Properly, the given equation should be combined with the identity $\sin^2\alpha+\cos^2\alpha=1$. There are two ways to do this:
Method 1
Isolate one of the trigonometric function, square the resulting equations and substitute to get a quadratic equation for the remaining function. Choosing to isolate the cosine we then have
$(2a-1)\cos\alpha=(2a+1)-(a+2)\sin\alpha$
$(2a-1)^2\cos^2\alpha=(2a+1)^2-2(2a+1)(a+2)\sin\alpha+(a+2)^2\sin^2\alpha$
$(4a^2-4a+1)-(4a^2-4a+1)\sin^2\alpha=(4a^2+4a+1)-(4a^2+10a+4)\sin\alpha+(a^2+4a+4)\sin^2\alpha$
$(5a^2+5)\sin^2\alpha-(4a^2+10a+4)\sin\alpha+8a=0$
The quadratic equation looks like a mouthful, but its discriminant is a squared quantity, to wit $(4a^2-10a+4)^2$, thus we get the two roots
$\sin\alpha=\dfrac{(4a^2+10a+4)\pm(4a^2-10a+4)}{2(5a^2+5)}\in\{4/5,2a/(a^2+1)\}$
For each root of $\sin\alpha$ the previous equation with $\cos\alpha$ isolated is used to assure the proper sign of that function:
$(2a-1)\cos\alpha=(2a+1)-(a+2)(4/5); \cos\alpha=3/5$
$(2a-1)\cos\alpha=(2a+1)-(a+2)(2a/(a^2+1)); \cos\alpha=(a^2-1)/(a^2+1)$
Correspondingly $\tan\alpha\in\{4/3,2a/(a^2-1)\}$.

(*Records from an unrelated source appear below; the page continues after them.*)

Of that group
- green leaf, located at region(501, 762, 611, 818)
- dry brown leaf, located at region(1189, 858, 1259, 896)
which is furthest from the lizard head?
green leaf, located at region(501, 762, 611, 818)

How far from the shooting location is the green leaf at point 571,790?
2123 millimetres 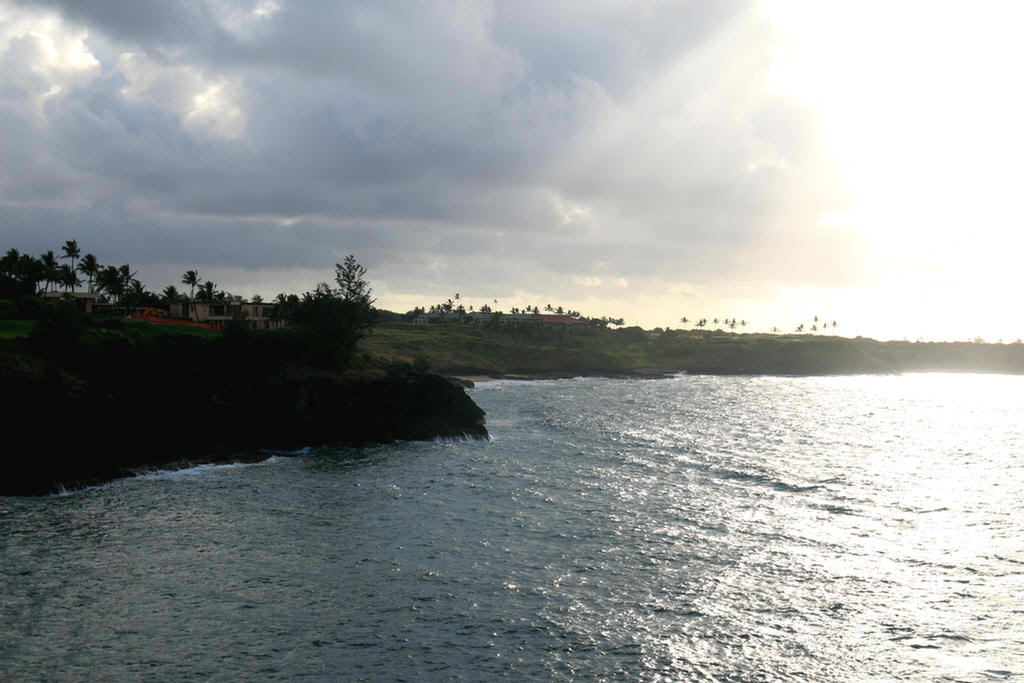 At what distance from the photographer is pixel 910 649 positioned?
82.8 feet

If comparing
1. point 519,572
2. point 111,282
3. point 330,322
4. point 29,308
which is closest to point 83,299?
point 111,282

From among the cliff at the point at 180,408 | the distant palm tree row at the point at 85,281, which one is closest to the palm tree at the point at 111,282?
the distant palm tree row at the point at 85,281

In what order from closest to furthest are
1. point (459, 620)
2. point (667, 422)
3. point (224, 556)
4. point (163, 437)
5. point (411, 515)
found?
point (459, 620) → point (224, 556) → point (411, 515) → point (163, 437) → point (667, 422)

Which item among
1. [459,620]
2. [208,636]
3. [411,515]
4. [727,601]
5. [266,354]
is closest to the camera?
[208,636]

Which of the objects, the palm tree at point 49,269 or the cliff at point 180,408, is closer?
the cliff at point 180,408

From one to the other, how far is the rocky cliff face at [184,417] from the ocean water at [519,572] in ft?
16.8

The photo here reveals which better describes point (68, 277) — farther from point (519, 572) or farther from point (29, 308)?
point (519, 572)

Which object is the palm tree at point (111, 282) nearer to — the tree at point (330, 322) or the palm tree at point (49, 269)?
the palm tree at point (49, 269)

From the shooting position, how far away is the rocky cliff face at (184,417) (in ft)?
162

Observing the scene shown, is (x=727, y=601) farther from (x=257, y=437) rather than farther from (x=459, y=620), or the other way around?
(x=257, y=437)

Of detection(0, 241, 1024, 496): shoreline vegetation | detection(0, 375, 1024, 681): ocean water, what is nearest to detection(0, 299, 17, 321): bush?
detection(0, 241, 1024, 496): shoreline vegetation

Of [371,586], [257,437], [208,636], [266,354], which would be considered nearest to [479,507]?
[371,586]

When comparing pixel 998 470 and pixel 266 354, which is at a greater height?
pixel 266 354

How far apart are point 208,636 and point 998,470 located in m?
67.4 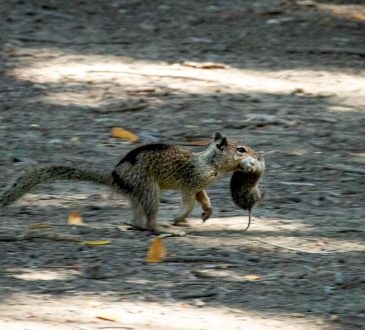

Thus the answer given by the OP is correct for one root that applies for all $a$, but in most cases there will be a second root for any specific value of $a$ (the only exceptions being $a=2$ where there is one doubly degenerate root instead, and $a=\pm 1$ where the second root fails to give a defined value for $\tan\alpha$; also $a=-1/2$ gives the second root with $\tan\alpha=4/3$ but different values for the sine and cosine). The existence of two roots ultimately comes from the fact that except for $\pm 1$, any value of the sine or cosine corresponds to two different arguments within any fundamental period.
Method 2
In this method, we use a trick by combining the original equation with one involving the orthogonal linear combination. To get the orthogonal combination, switch the coefficients $a+2$ and $2a-1$ and then reverse the sign before the second term.
$(a+2)\sin\alpha+(2a-1)\cos\alpha=(2a+1)$
$(2a-1)\sin\alpha-(a+2)\cos\alpha=x$
Square both sides and add them together getting:
$(5a^2+5)(\sin^2\alpha+\cos^2\alpha)=5a^2+5=(2a+1)^2+x^2$
Thus $x=\pm\sqrt{5a^2+5-(2a+1)^2}=\pm(a-2)$. We then have a linear system to solve for $\sin\alpha$ and $\cos\alpha$ for each root of $x$. For example, $x=+(a-2)$ gives
$(a+2)\sin\alpha+(2a-1)\cos\alpha=(2a+1)$
$(2a-1)\sin\alpha-(a+2)\cos\alpha=a-2$
whose solution is $\sin\alpha=4/5,\cos\alpha=3/5$. Putting $-(a-2)$ for $x$ similarly gives a linear system with solution $\sin\alpha=2a/(a^2+1),\cos\alpha=(a^2-1)/(a^2+1)$.
The remainder of the solution, and the comments that follow, are identical to Method 1.